Return, with both end lines included, exactly what the data below holds from the line with "MINISTERIO DE COMUNICACIÓN" through the line with "Fear & Greed Chart 050722", though not the pictures.

• [DATA TO USE]:
┌──

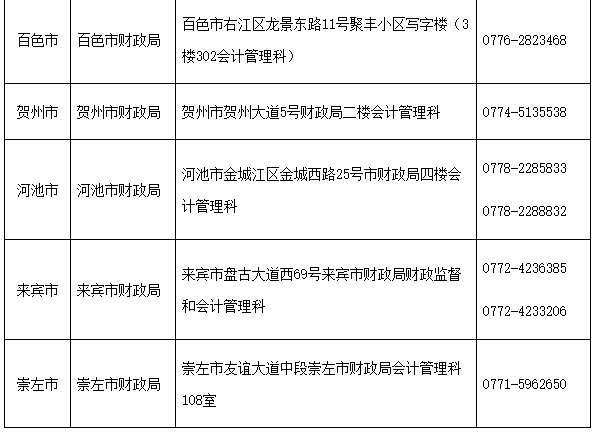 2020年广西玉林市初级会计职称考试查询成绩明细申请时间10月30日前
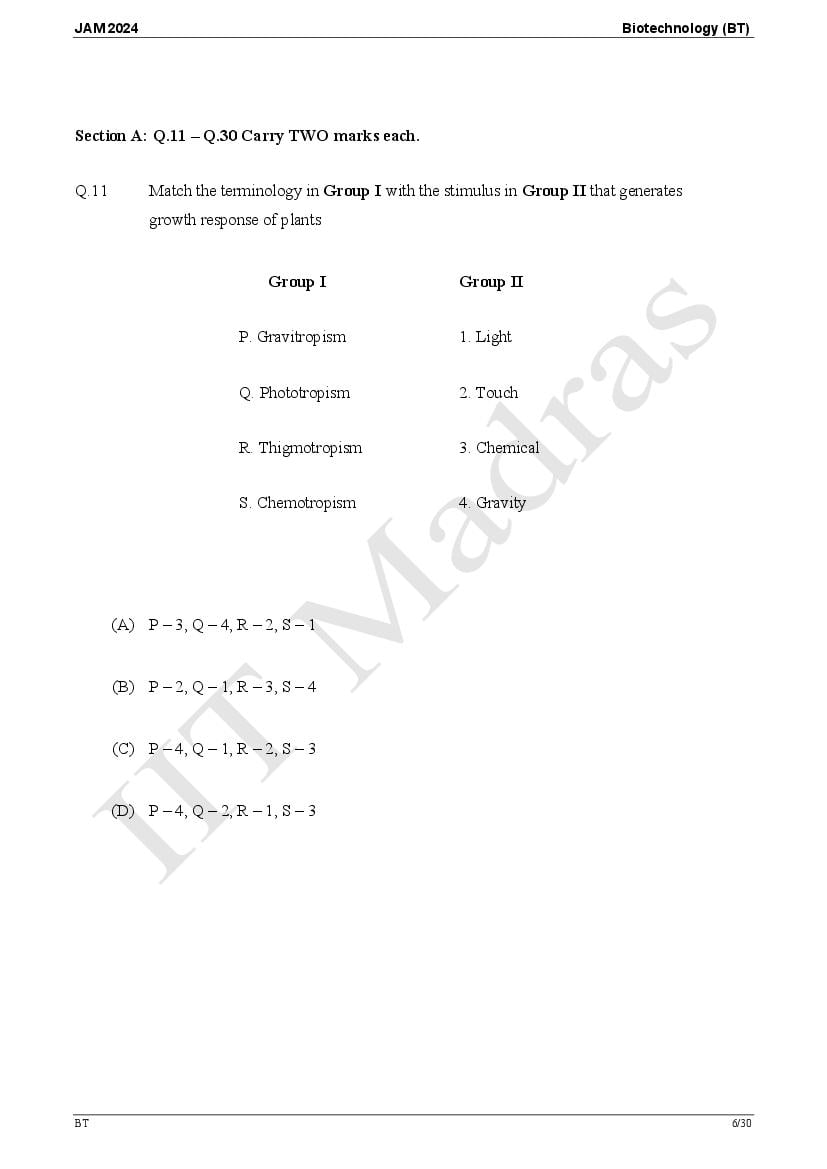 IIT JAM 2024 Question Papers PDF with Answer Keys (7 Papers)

└──
┌──

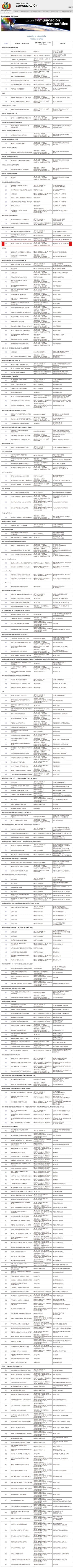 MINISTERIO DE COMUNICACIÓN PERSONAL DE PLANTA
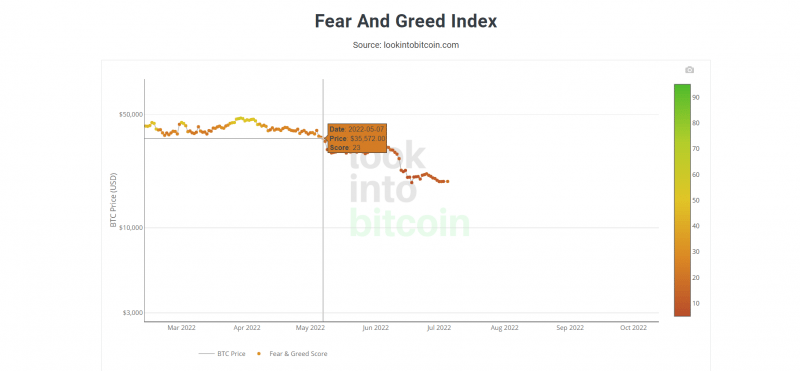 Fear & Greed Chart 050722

└──

• [WRITTEN ANSWER]:
 MINISTERIO DE COMUNICACIÓN PERSONAL DE PLANTA
 Fear & Greed Chart 050722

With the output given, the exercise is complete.